HONG KONG (Reuters) – Hong Kong’s businesses and metro stations reopened as usual on Monday after a chaotic Sunday when police fired water cannon, tear gas and rubber bullets at protesters who blocked roads and threw petrol bombs outside government headquarters.

On Sunday what began as a mostly peaceful protest earlier in the day spiraled into violence in some of the Chinese territory’s busiest shopping and tourist districts.

Thousands of anti-government protesters, many clad in black masks, caps and shades to obscure their identity, raced through the streets, engaging in cat-and-mouse tactics with police, setting street fires and blocking roads in the heart of Hong Kong where many key business districts are located.

The demonstrations are the latest in nearly four months of sometimes violent protests. Protesters are furious over what they see as creeping interference by Beijing in Hong Kong’s affairs despite promises by Beijing to grant the city wide-ranging autonomy and freedoms denied in mainland China.
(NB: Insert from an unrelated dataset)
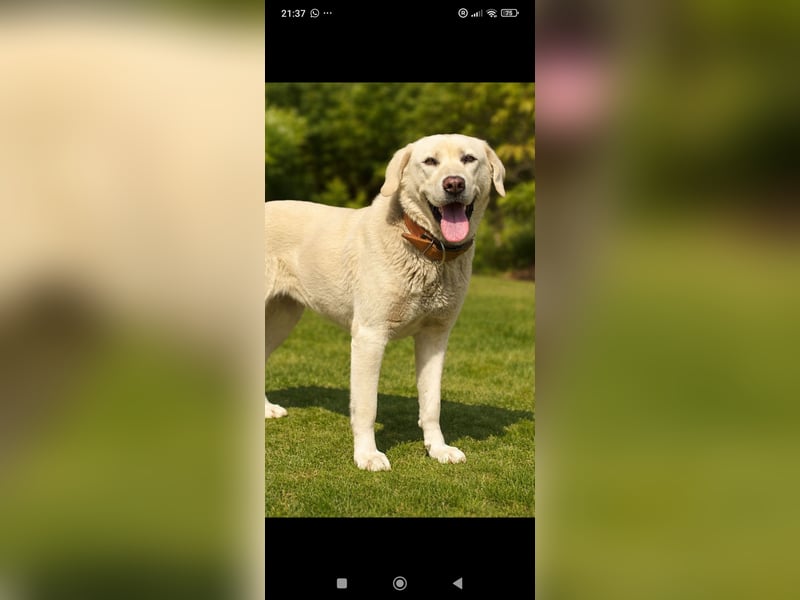 Ayris sucht ihr Für -immer -Zuhause ❤️❤️❤️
Dozens of university students rallied peacefully on Monday afternoon urging authorities to listen to public demands. Dressed in black, some of them donning face masks, students sang “Glory to Hong Kong” a song that has become a rallying cry for more democratic freedoms in the semi-autonomous Chinese hub.

At Baptist University hundreds of students also marched to demand the university’s management offer support to a student reporter arrested on Sunday.

The initial trigger for the protests was a contentious extradition bill, now withdrawn, that would have allowed people to be sent from Hong Kong to mainland China for trial.

The protests have since broadened into other demands including universal suffrage and an independent inquiry into allegations of excessive force by the police.

Hong Kong, a former British colony, returned to China in 1997 under a “one country, two systems” formula that guarantees freedoms not enjoyed on the mainland – including a much-cherished independent legal system.

89 ARRESTS IN WEEKEND VIOLENCE

Kung Lui, a third-year university student majoring in sociology, said the protests would continue until all five demands were met. “The protests have revealed lots of social problems and proved that democracy and freedom are the core values of Hong Kong people.”

Police on Monday said 89 people were arrested over the weekend after “radical protesters” attacked two police officers on Sunday evening, hurling petrol bombs, bricks, and threatening the safety of the officers.

Nearly 1,500 people have been arrested since the protests started in June.

Authorities moved quickly to douse the fires and police fired volleys of tear gas to disperse them, including in the bustling shopping and tourist district of Causeway Bay.

At least 18 people were injured, three of them seriously, during Sunday’s violence, according to the Hospital Authority.

The protests have weighed on the city’s economy as it faces its first recession in a decade, with tourist arrivals plunging 40 percent in August amid some disruptions at the city’s international airport.

By Sunday evening, the running battles between anti-government protesters and police had evolved into street brawls between rival groups in the districts of Fortress Hill and North Point further east on Hong Kong island. There, men in white T-shirts – believed to be pro-Beijing supporters and some wielding hammers, rods and knives – clashed with anti-government activists.

On a street close to North Point, home to a large pro-Beijing community, a Reuters witness saw one man in a white T-shirt sprawled on the ground with head wounds.

Hong Kong media reported that groups of pro-Beijing supporters had attacked journalists.

Police eventually intervened and sealed off some roads to try to restore order, and they were seen taking away several men and women from an office run by a pro-Beijing association.